There’s something romantic about absinthe — that naturally green liquor derived from wormwood and herbs like anise or fennel. Vincent Van Gogh and Oscar Wilde drank it. Henri de Toulouse-Lautrec and Pablo Picasso filled the glasses of cafe patrons with absinthe in their paintings. Absinthe was a drink of aesthetes.
Yet it was not art, but necessity that first helped popularize absinthe: It was included in the rations of French soldiers who marched off to colonize Algeria in the 1840s. As Betina Wittels and Robert Hermesch write in Absinthe: Sip of Seduction, French army doctors issued absinthe to soldiers “for the prevention of fevers and treatment of dysentery.”
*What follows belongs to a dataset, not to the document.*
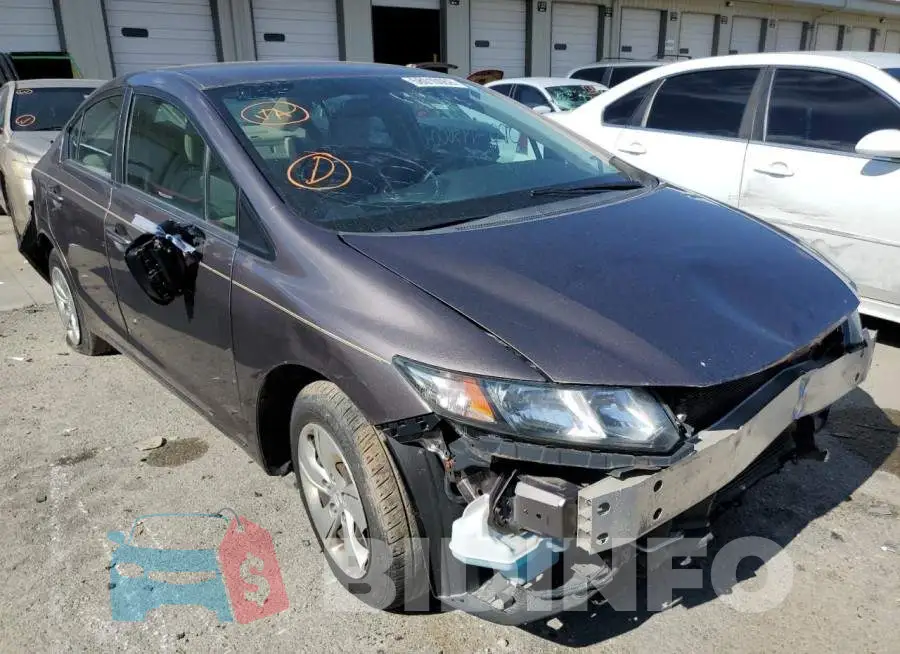19XFB2F52EE221035 Photo# 1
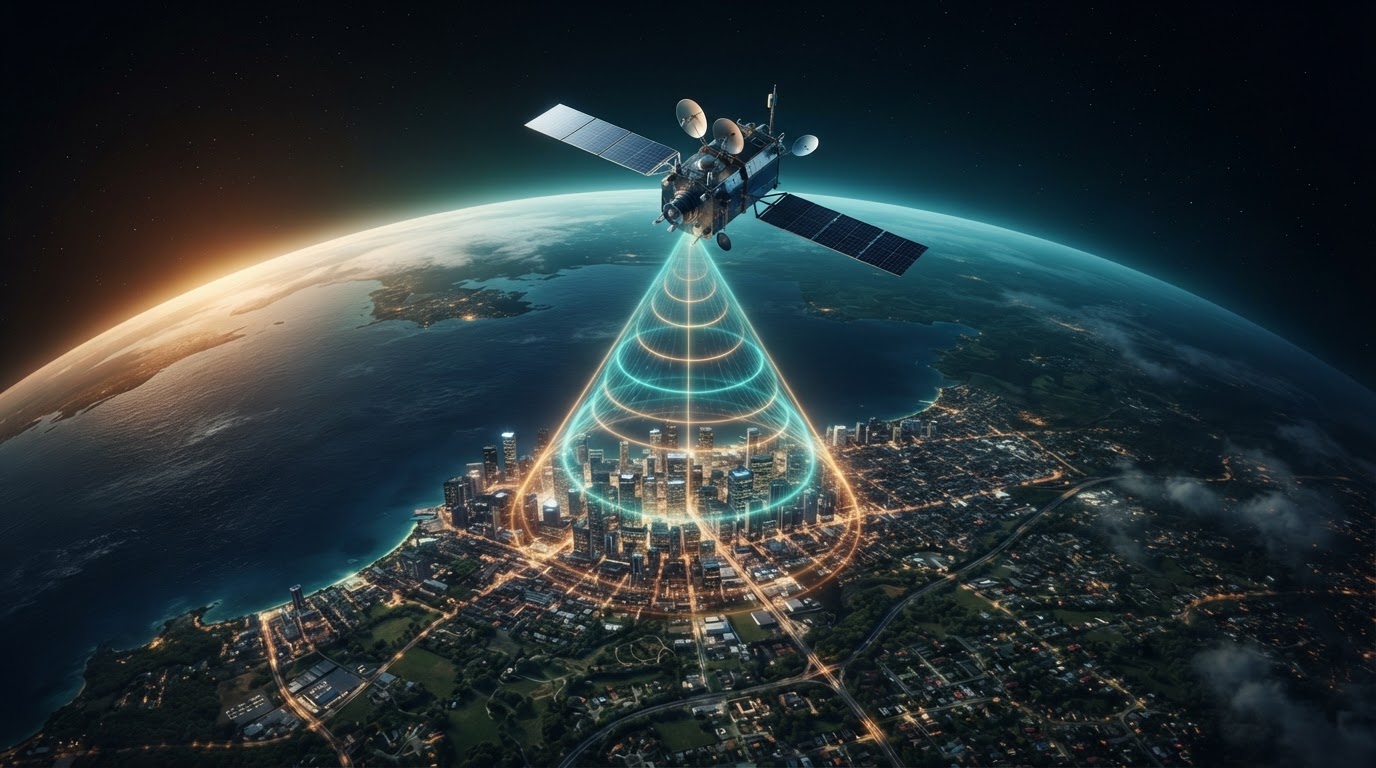 Verizon, AT&T, and T-Mobile Drop 6% as SpaceX Agrees to Buy Nationwide Low-Band Spectrum Portfolio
Soon, the soldiers were drinking the beverage for nonmedicinal purposes, too. Wittels and Hermesch write that it became a fashionable beverage in Algerian cafes and nightclubs, and when soldiers returned to France, they weren’t ready to give the drink up. At the time, the French wine industry was collapsing owing to a vine-killing aphid called phylloxera that left wine in short supply. Absinthe was in the right place at the right time. But rather than simply substituting one alcohol for another, the French developed a ritual for drinking absinthe that gave rise to some of the greatest liquor paraphernalia — known as absinthiana — around.
First, absinthe is mixed with cold water. Not only does this dilute a liquor that is often bottled at about 70 percent ABV, it also produces a cloudy effect called le louche (which can be roughly translated to “the clouding”). Le louche is a spectacle for the eyes, as the absinthe transforms from a deep green to a milky, iridescent shade. It is a bit of magic in a glass.
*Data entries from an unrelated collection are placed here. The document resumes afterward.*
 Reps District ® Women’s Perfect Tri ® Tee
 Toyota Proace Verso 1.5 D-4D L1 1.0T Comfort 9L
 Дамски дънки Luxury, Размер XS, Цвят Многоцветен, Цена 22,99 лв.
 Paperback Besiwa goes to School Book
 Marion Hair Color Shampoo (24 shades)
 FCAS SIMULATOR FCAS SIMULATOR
Le louche is also an example of a scientifically interesting phenomenon known as the “ouzo effect.” Basically, when the water hits the absinthe, it releases the essential oils from the alcohol into the water, creating a spontaneous emulsion. So the drink becomes cloudy, and the effect sticks around a surprisingly long time.
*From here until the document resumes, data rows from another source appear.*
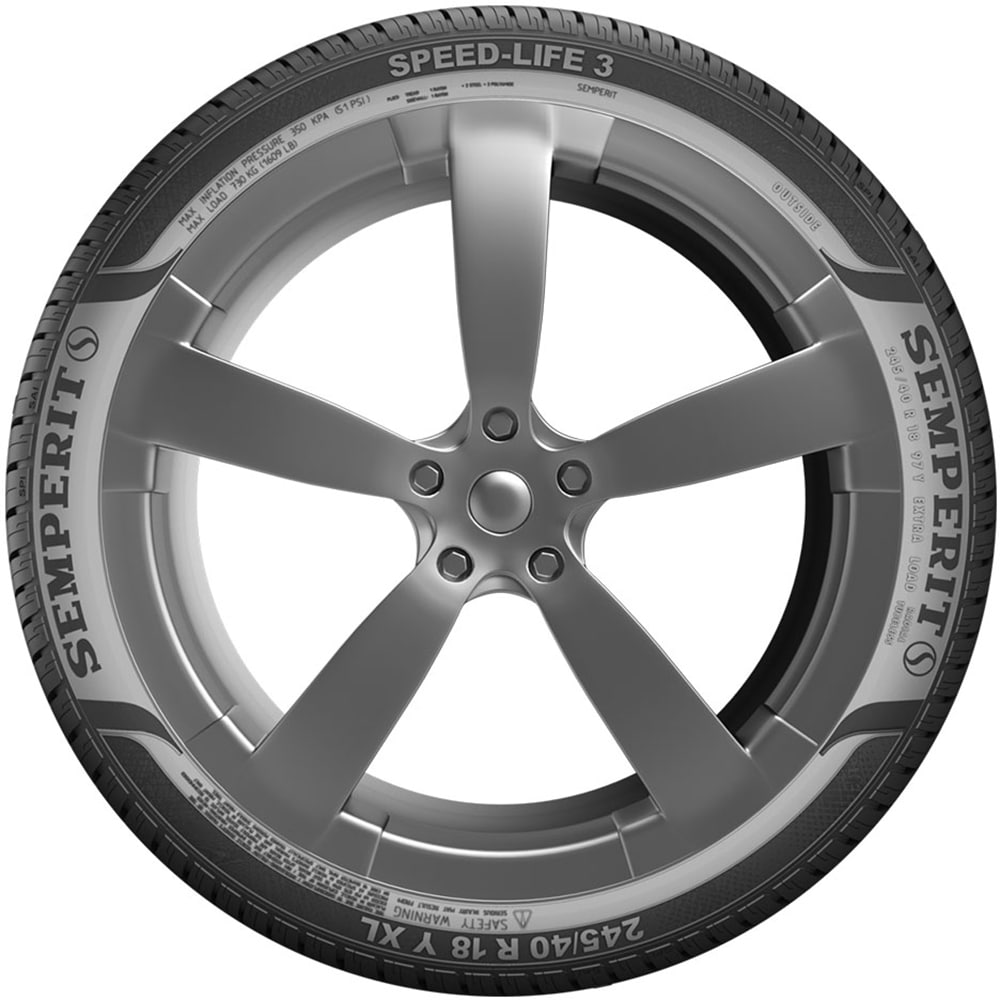 Anvelopa vara SEMPERIT Speed-Life 3 205/60R16 92H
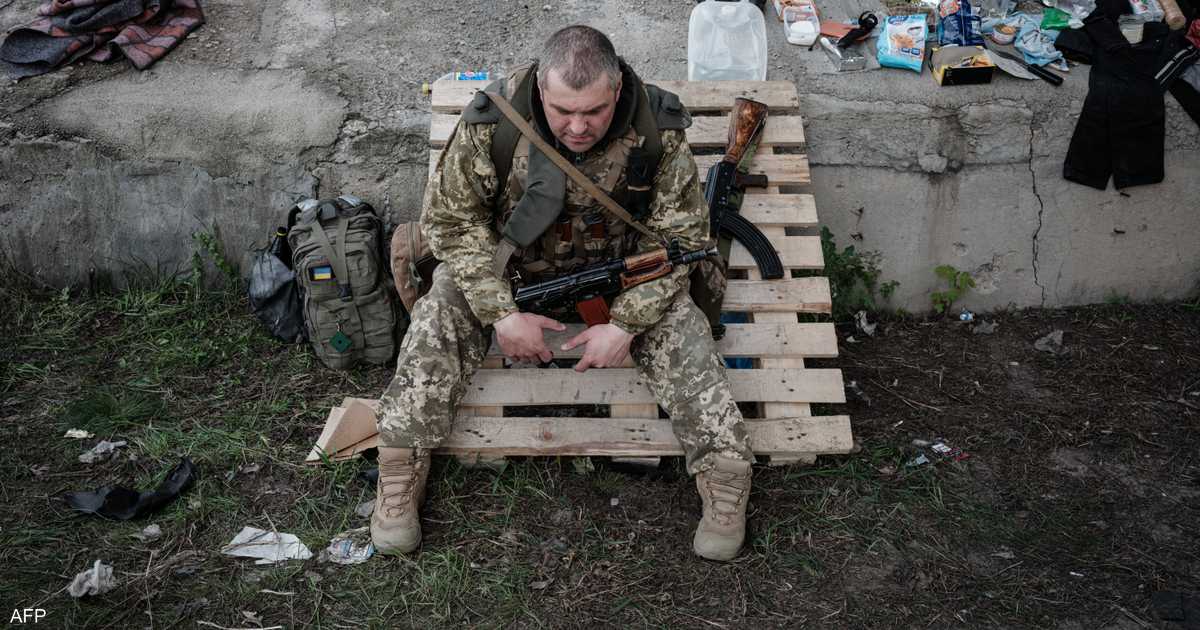 British military report on the “morale” of the Russian and Ukrainian forces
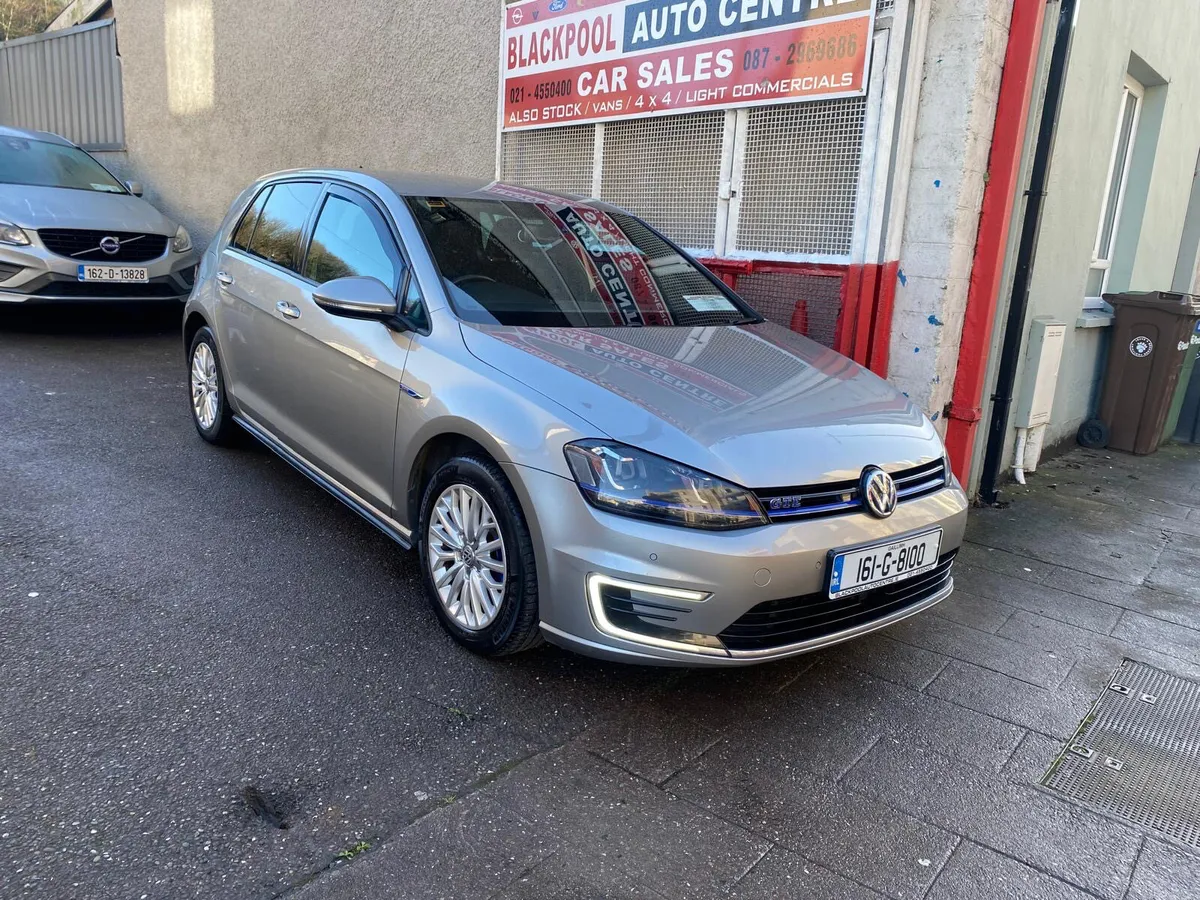 Volkswagen Golf 2016 - Image 3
Cold water, it seems, was considered essential to palatability: In Five O’Clock Absinthe, the late-19th century poet Raoul Ponchon wrote that, if you have warm absinthe, boire du pissat d’âne ou du bouillon pointu — which translates, more or less, to “you might as well drink donkey’s urine or ‘enema broth’ ” instead. So cold water it was.
The absinthe is sweetened with a cube of sugar, placed on a slotted spoon balanced on top of the glass. Water is dripped over the sugar, so that it dissolves slowly into the refreshment below.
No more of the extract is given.